A hyperparameter controlling how large each parameter update is during optimization.
Step size is a fundamental hyperparameter in iterative optimization algorithms that determines the magnitude of each update applied to a model's parameters during training. In gradient descent and its variants, the step size—commonly called the learning rate—scales the gradient before it is subtracted from the current parameter values. At each iteration, the algorithm computes the gradient of the loss function with respect to the parameters and moves in the direction that reduces the loss, with the step size governing how far to move. This single scalar (or per-parameter vector in adaptive methods) has an outsized influence on whether training converges at all.
Choosing an appropriate step size involves a fundamental trade-off. A value that is too large causes the optimizer to overshoot minima, producing oscillations or outright divergence; a value that is too small leads to painfully slow convergence and increases the risk of becoming trapped in suboptimal local minima or saddle points. In practice, step size is rarely held constant: techniques such as learning rate schedules (step decay, cosine annealing) and adaptive optimizers like AdaGrad, RMSProp, and Adam automatically adjust effective step sizes per parameter based on historical gradient information, substantially reducing the burden of manual tuning.

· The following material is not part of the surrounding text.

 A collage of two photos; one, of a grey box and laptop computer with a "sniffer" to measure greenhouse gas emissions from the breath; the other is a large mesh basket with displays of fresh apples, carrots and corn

Step size became a central concern in machine learning as deep neural networks grew deeper and datasets larger through the 2000s and 2010s, because the sensitivity of training dynamics to this parameter scales with model complexity. Modern best practices include warm-up phases that start with a small step size before increasing it, cyclical learning rate schedules that periodically vary the rate to escape local minima, and learning rate finders that sweep values to identify a good operating range. Understanding step size is essential for anyone training neural networks, as it sits at the intersection of optimization theory and practical model performance.